Bridging disconnections is something she has always been passionate about, and was a catalyst in helping her develop the Lalaga card game.
“ The first reason was accessibility. Because I, along with my friend, used to run these talanoa sessions for women and men, it was really great. And alot of people really loved it and they said that they just wanted more of those sessions”
“I thought about how we could make this more accessible and the card game was definitely a way we could make that accessible to everyone”
Creating communication and talanoa is a difficult task to complete in pacific communities especially when it is frowned upon to be open on issues faced.
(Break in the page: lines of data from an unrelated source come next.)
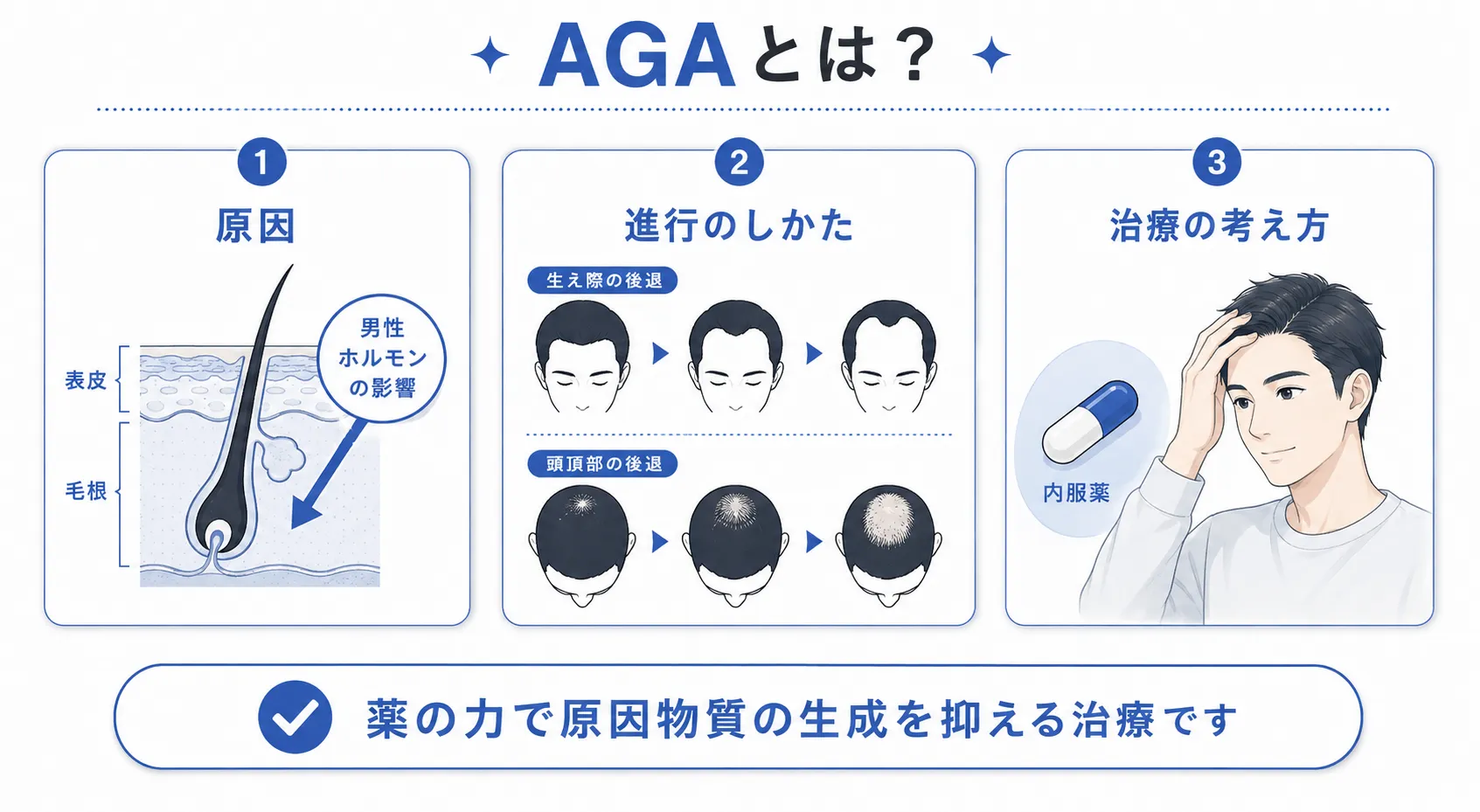 AGA(男性型脱毛症)とは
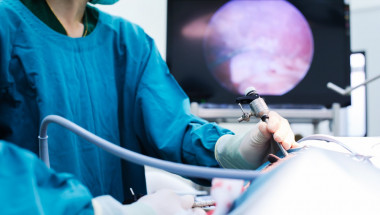 Плевенски онколози извършиха уникална безкръвна операция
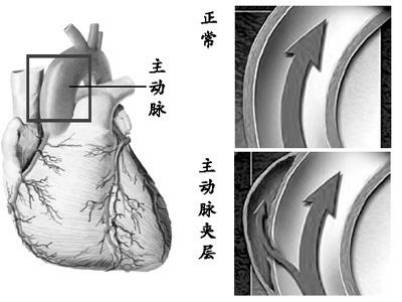高血压发生主动脉夹层概率,高血压犯的毛病主动脉夹层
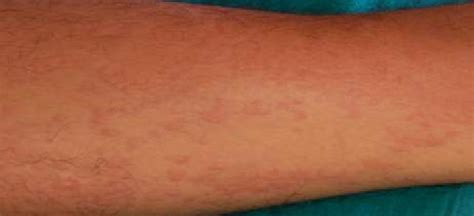 Maculopapular Rashes On Arm Of Both Upper Limbs Download Scientific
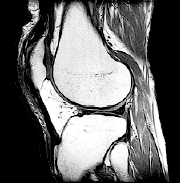 Imagen de resonancia magnética de la rodilla.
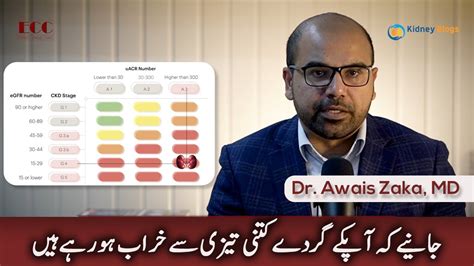 Kidney Disease Stages | CKD Heat Map | Dr. Awais Zaka, MD | Expert Consult Clinic | Episode 06 ...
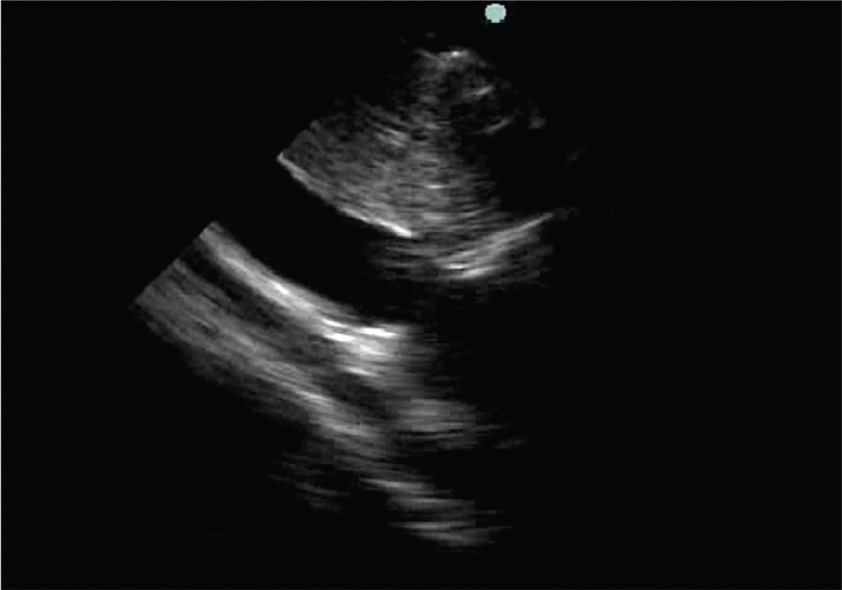 An echocardiogram shows elongated heart chambers with relatively thin walls, suggestive of possible dilated cardiomyopathy or volume overload state.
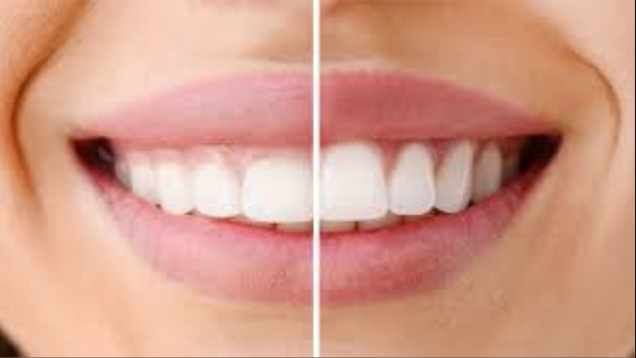 Revitalize Your Smile: Gum Surgery at Medisky M... main image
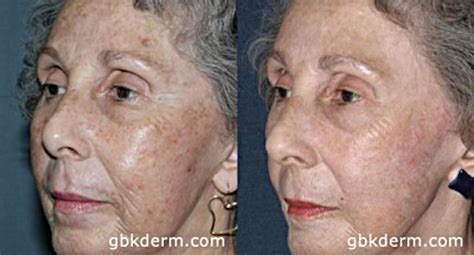 Age Spots: Causes, Risk Factors, and Treatment Options: Essence Medispa: Cosmetic Dermatology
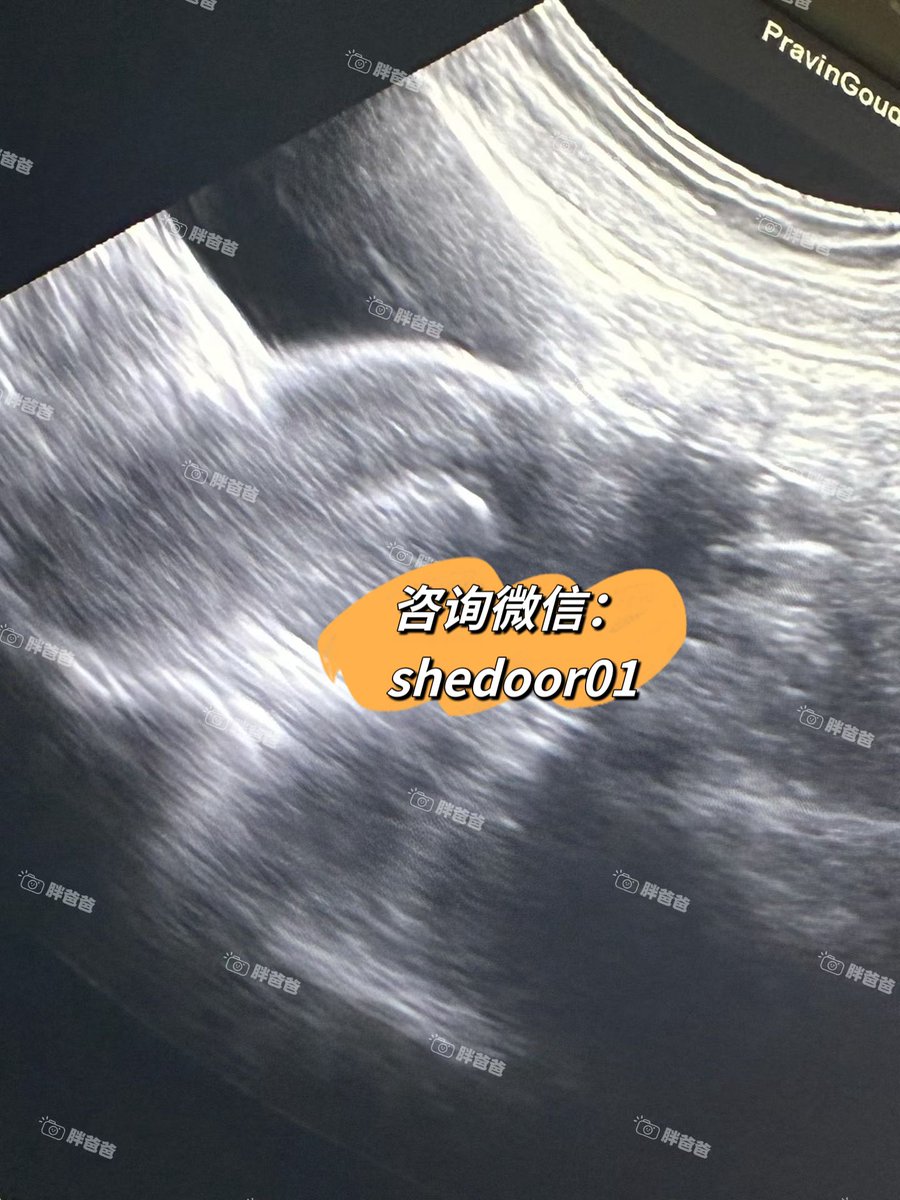 VeraKps's tweet photo. 又一位爱心妈妈顺利完成移植啦✅
从匹配成功到移植，每一步都经过医生严格把关和审核，合格了才能进入最终阶段。
感谢麻麻的积极配合，也谢谢准父母的耐心等待
海外代孕 单身未婚试管婴儿 白人模特实名精子库卵子库 高龄大龄卵巢早衰 胎停流产试管 https://t.co/Dl37ZtPnHG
However Laulu believes that before it should be fixed at a community and society level, the answer lies within families in where it should begin.
“Disconnection creates so many issues, and if we can find a solution to figure that out, and connect our community more especially with our family, like before trying to connect with society I think so many issues can be solved”
“When I played the game with my parents, it was cool because I got to learn things that I never had the opportunity to talk about before. That was like the coolest things for me, working on this product”.
For now Laulu hopes to grow the game’s popularity in New Zealand with hopes of it making its way to the islands to further broaden her mission of helping pacific communities.